He was born in Hillsboro, Kansas to Horace Bigelow Griffen, Sr., a mail carrier and his wife. His family moved to Tempe, Arizona during his infancy.

Griffen attended Tempe Normal School, which later became Arizona State University, where he played baseball for the school as an outfielder in 1912 and as first baseman in 1913 and 1914. In 1914, he was also the head coach of the school baseball team, coaching them to a 6–5 record. That same year, he was signed by the Milwaukee Brewers of the American Association before being called up as a professional baseball player on the Chicago White Sox for two months, describing his time there as having "warmed the bench". Despite not playing in any professional games, he was noted as having been an "ASU legend" for being "the first player from the school to sign a contract with a major league club".

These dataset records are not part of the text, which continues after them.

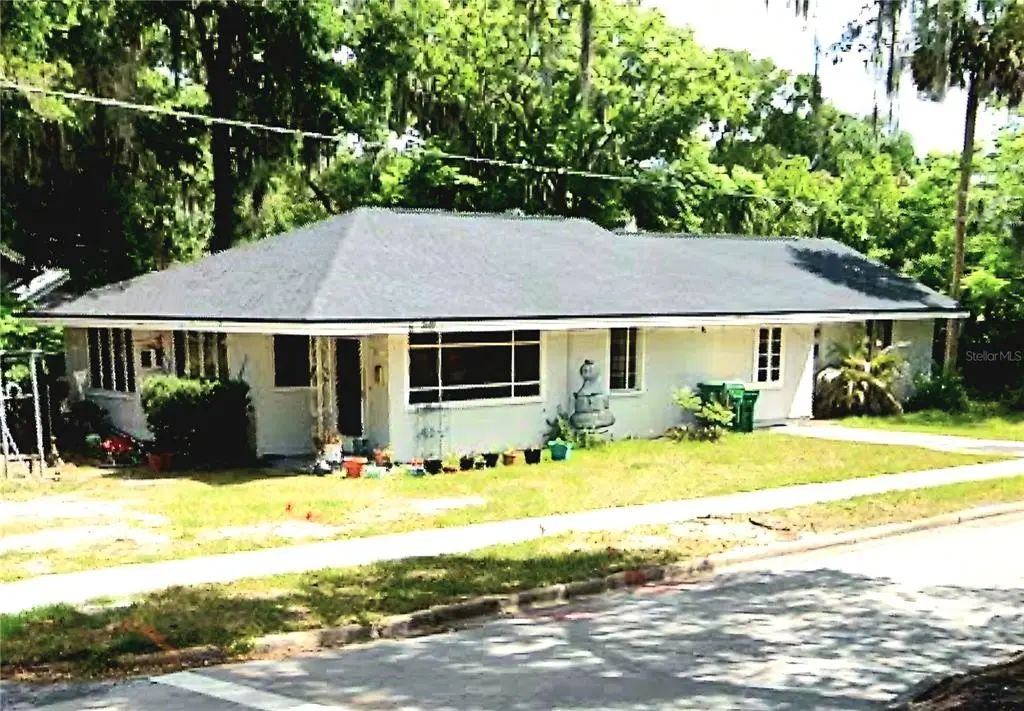 617 W Howry Avenue, DELAND
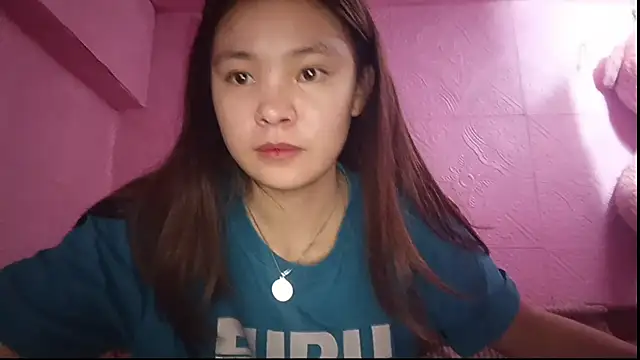 Snapshot of Alinacutie222 chatting on May 29, 2026, 7:36 am Alinacutie222 online show from May 29, 2026, 7:36 am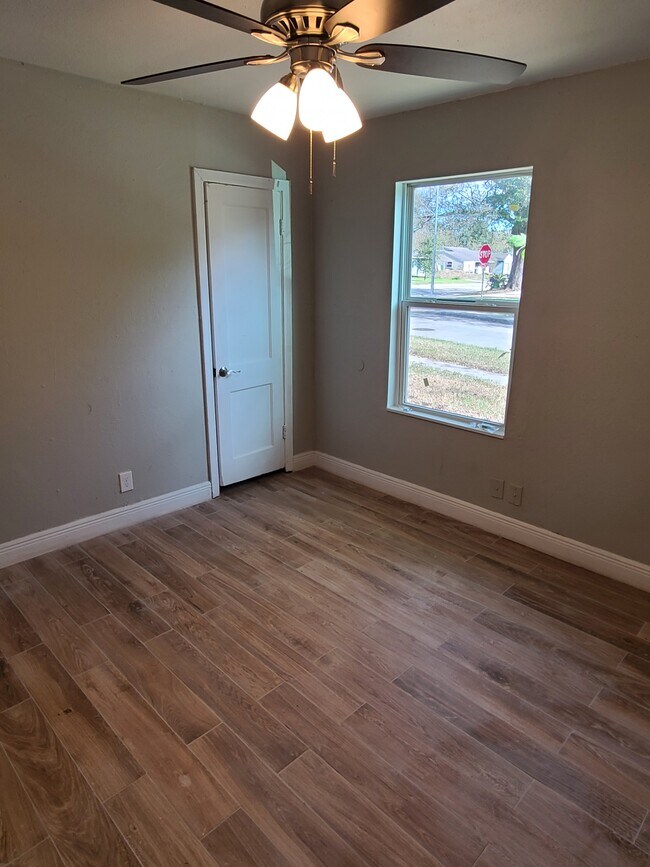 5862 Southville St photo'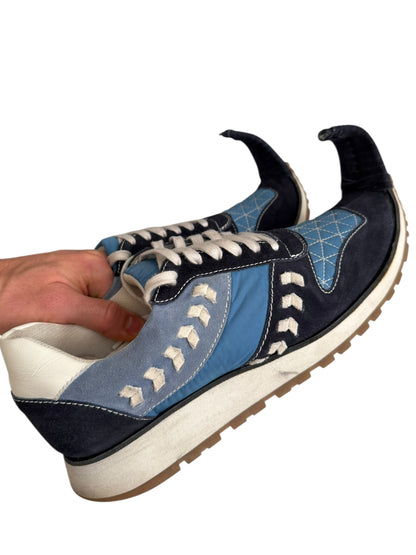 Dinosaur “Elf” Pointy Toe Sneaker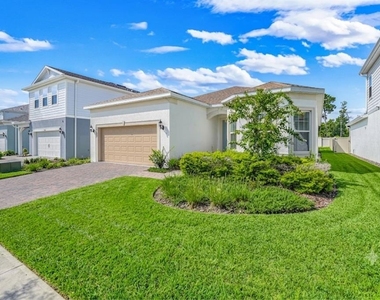 10393 Park Estates Avenue - Photo Thumbnail 1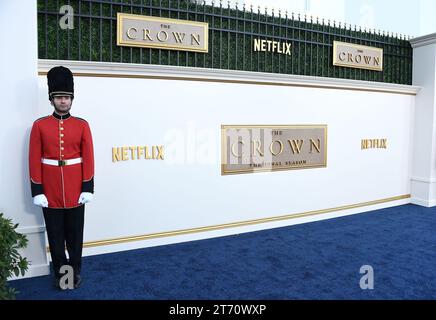 Westwood, États-Unis. 12 novembre 2023. Ambiance arrivée à la première à Los Angeles de la partie 1 de la saison finale de "THE CROWN" qui s'est tenue au Westwood Regency Village Theatre le 12 novembre 2023 à Westwood, Californie. © Lisa OConnor/AFF-USA.com crédit : AFF/Alamy Live News Banque D'Images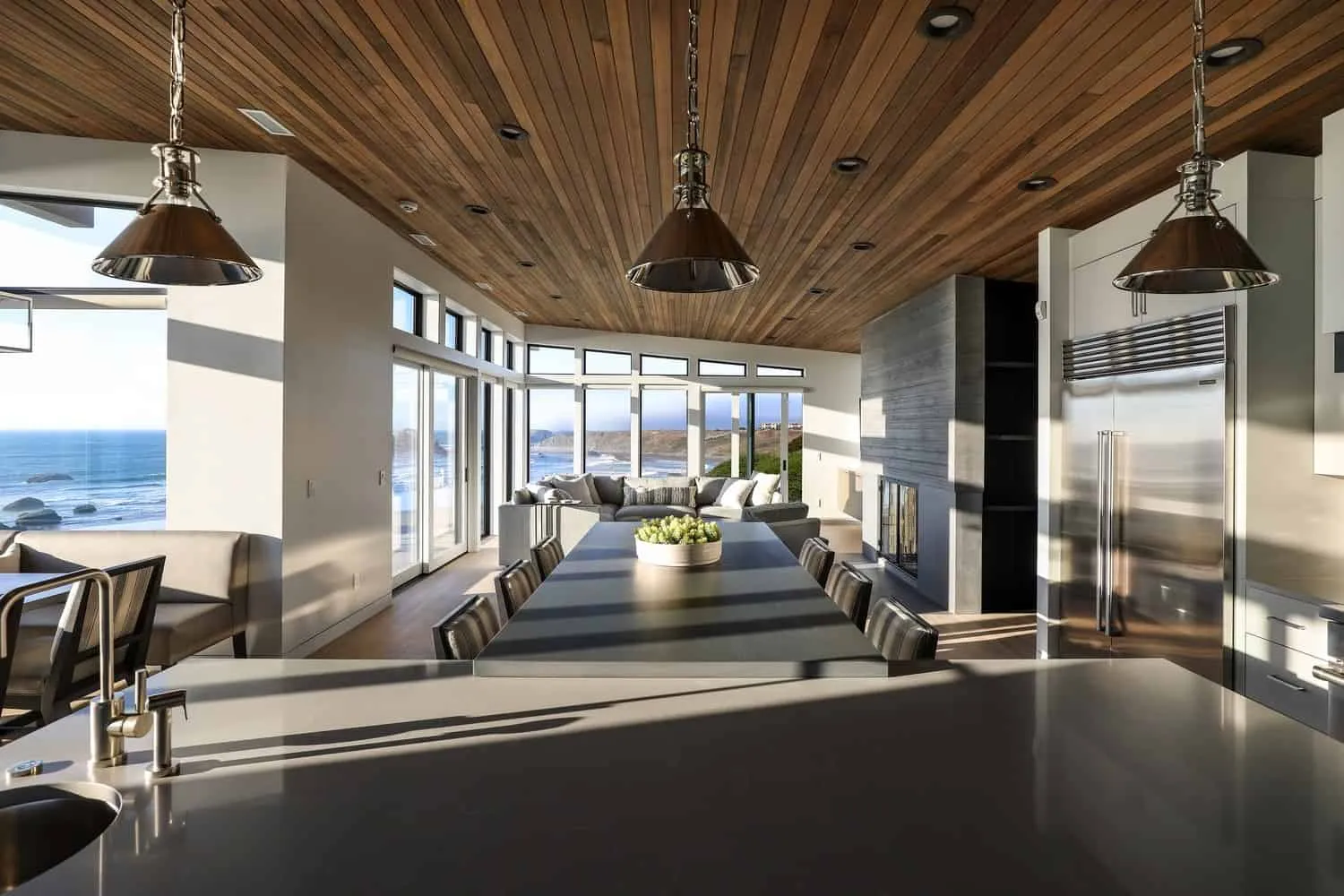 Beach House Face Rock by Giulietti Schouten Weber Architects in Bandon, Oregon Beach House Face Rock by Giulietti Schouten Weber Architects in Bandon, Oregon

Shortly after graduating from college, he joined the military in World War I. during which he served for three years in the Quartermaster Corps. Griffen was "one of the first to volunteer for service from the Salt River valley". He joined the First Engineers and "went overseas with the first contingent of American troops", deploying in France. He served throughout American involvement in the war, and was promoted to corporal in 1917, and to sergeant in 1918. He wrote regular correspondences from the war, which were published at home, noting that he had seen a matchbox taken as a trophy inscribed "Got Mitt Uns 1916-17", and quipping that "[a]pparently the German, too, realizes that God, if he ever was with them, left them in 1918". He noted in the same piece that he had "seen war in all its horrors", but that there was "a spirit of desire to make amends for all the wrongs the enemy has done".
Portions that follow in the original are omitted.